● **Work task**
Write out exactly the lines running from the one with "التعليم تُحدد اجازة" to the end of the data, including both of those lines and excluding pictures.

● **Recorded data**
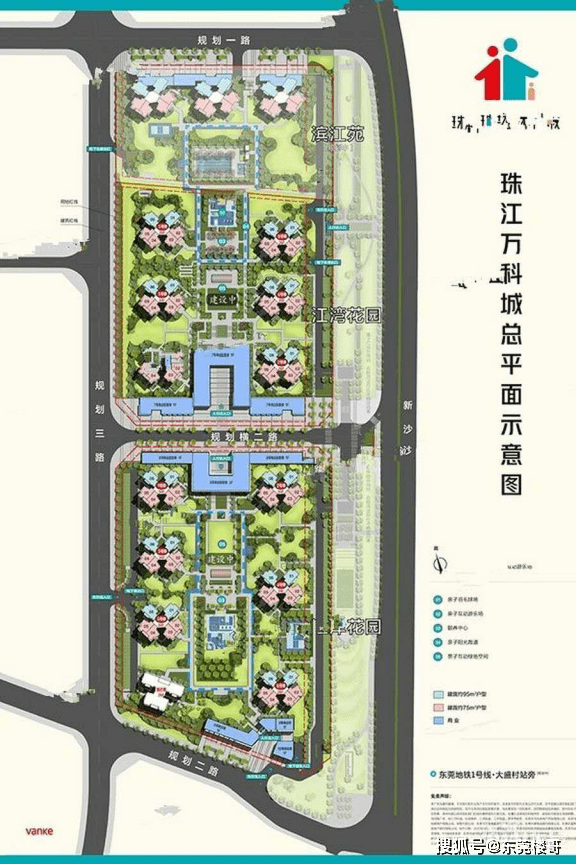 官网东莞麻涌珠江万科城售楼处电话售楼处位置房源价格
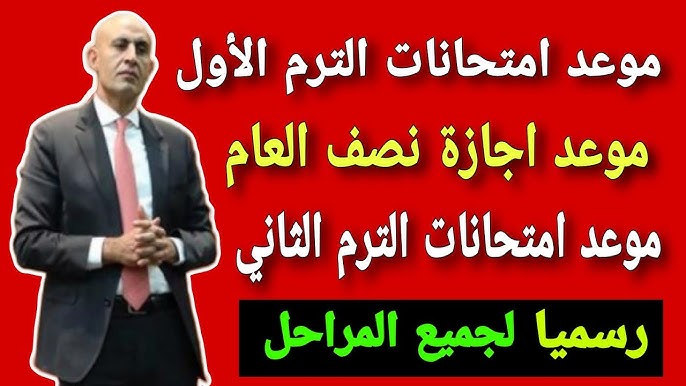 التعليم تُحدد اجازة نصف العام لمدة أسبوعين متواصلين لطلاب المدارس والجامعات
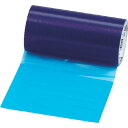 表面保護テープ ブルー 幅200mmX長さ100m TSP52B ブルー 幅200mm TRUSCO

● **Reply**
 التعليم تُحدد اجازة نصف العام لمدة أسبوعين متواصلين لطلاب المدارس والجامعات
 表面保護テープ ブルー 幅200mmX長さ100m TSP52B ブルー 幅200mm TRUSCO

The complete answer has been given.